Just wondering, the boundary condition in this question is $X(0)=0$ and $X'(l)+\beta X(l)=0$?

#### Victor Ivrii ##### Re: HW6-P2
« Reply #2 on: October 29, 2015, 05:35:39 AM »
Just wondering, the boundary condition in this question is $X(0)=0$ and $X'(l)+\beta X(l)=0$?
Indeed: the same as before on the right

#### Emily Deibert ##### Re: HW6-P2
« Reply #3 on: October 29, 2015, 11:40:47 AM »
This problem follows similar logic to the first problem.

(a) We let $\lambda = \omega^2$. We can then proceed as in the first problem (check that post if you would like to see the steps) to get that: \begin{equation}
X(x) = A\cos(\omega{}x) + B\sin(\omega{}x) \end{equation}
With the derivative being: \begin{equation}
X'(x) = -A\omega{}\sin(\omega{}x) + B\omega{}\cos(\omega{}x)
\end{equation}

This time we have a Dirichlet condition that $X(0) = 0$. So plugging this in: \begin{equation}
X(0) = A = 0 \end{equation}

Therefore $A=0$. Thus the solution is: \begin{equation}
X_n = \sin(\omega{}_nx) \end{equation}

We have chosen $B=1$ for convenience.

Edit: the similar tangent relation is, as you can easily show using the boundary condition on the right end, is: \begin{equation}
\tan(\omega{}l) = -\frac{\omega{}}{\beta{}} \end{equation}
« Last Edit: October 29, 2015, 11:46:20 AM by Emily Deibert »

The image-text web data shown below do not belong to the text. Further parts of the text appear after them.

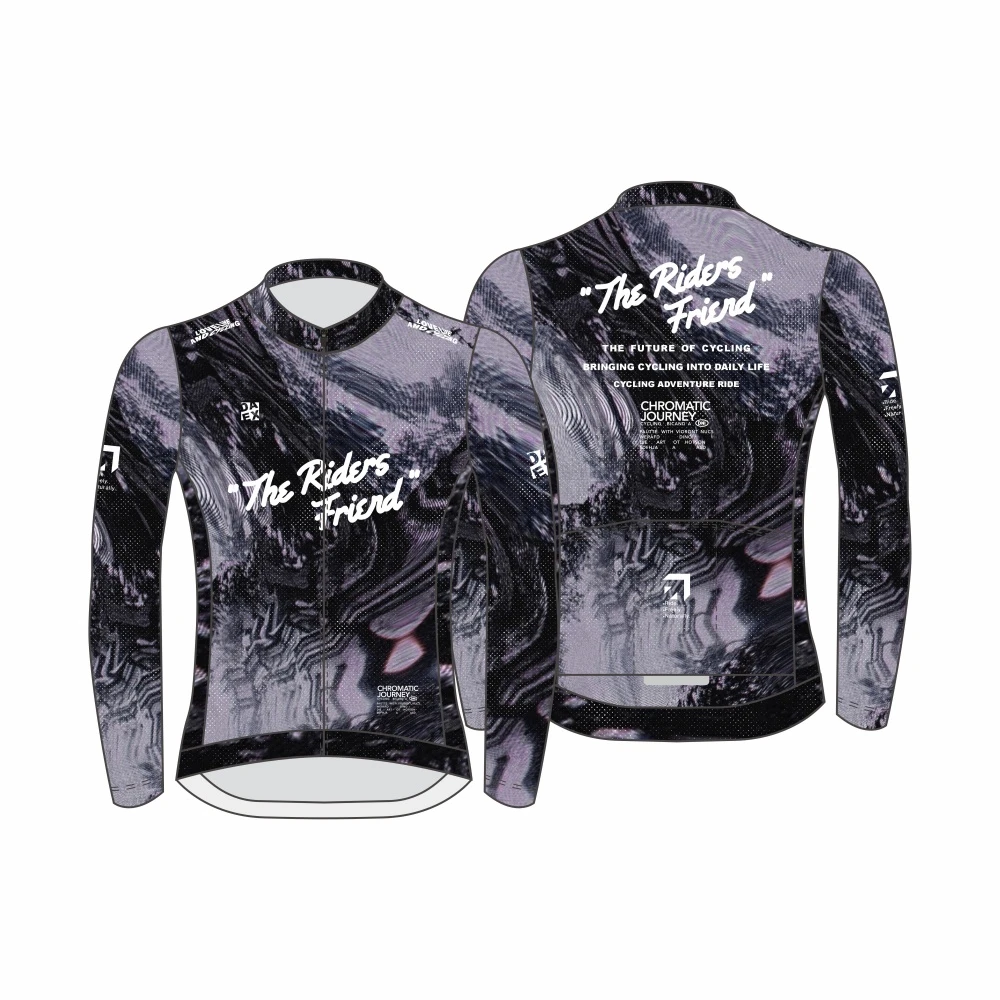 Daex新款秋冬加绒修身长短袖骑行服星暮扎染公路自行车服短款透气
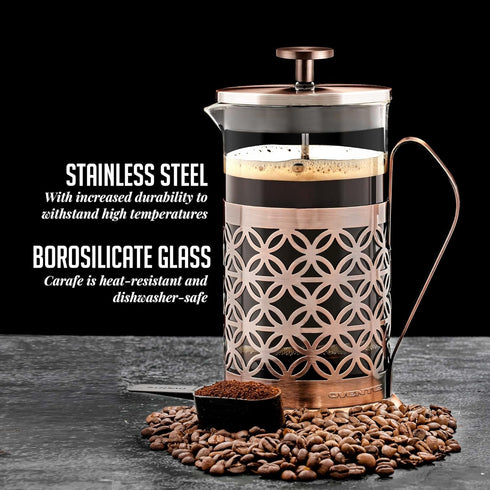 OVENTE French Press Coffee Maker 34 Ounce, 4 Filter Stainless Steel Filter Plunger System & Durable Borosilicate Heat Resistant Glass with Free Sc...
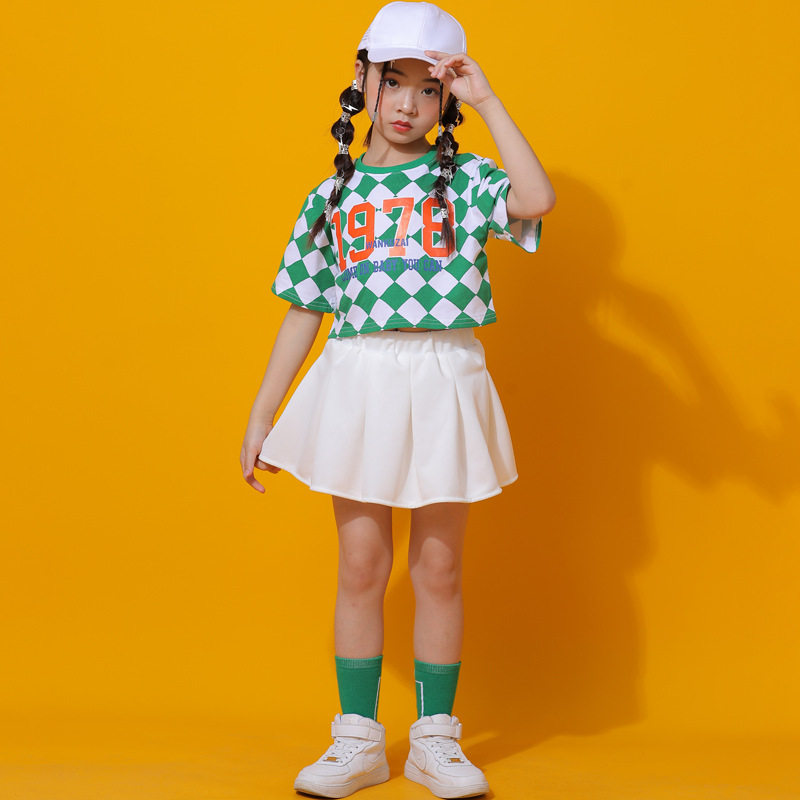 儿童街舞潮服小学生运动会演出服女童啦啦队格子露脐短袖表演服装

#### Emily Deibert ##### Re: HW6-P2
« Reply #4 on: October 29, 2015, 11:55:21 AM »
(b) We let $\lambda = - \gamma^2$. We can again proceed as in the first problem to get that: \begin{equation}
X(x) = A\cosh(\gamma{}x) + B\sinh(\gamma{}x) \end{equation}
With the derivative being: \begin{equation}
X'(x) = A\gamma{}\sinh(\gamma{}x) + B\gamma{}\cosh(\gamma{}x)
\end{equation}

Plugging in the Dirichlet condition as in part (a): \begin{equation}
X(0) = A = 0 \end{equation}

Therefore $A=0$. Thus the solution is: \begin{equation}
X_n = \sinh(\gamma{}_nx) \end{equation}

We have chosen $B=1$ for convenience.

The relation is: \begin{equation}
\tanh(\gamma{}l) = -\frac{\gamma{}}{\beta{}} \end{equation}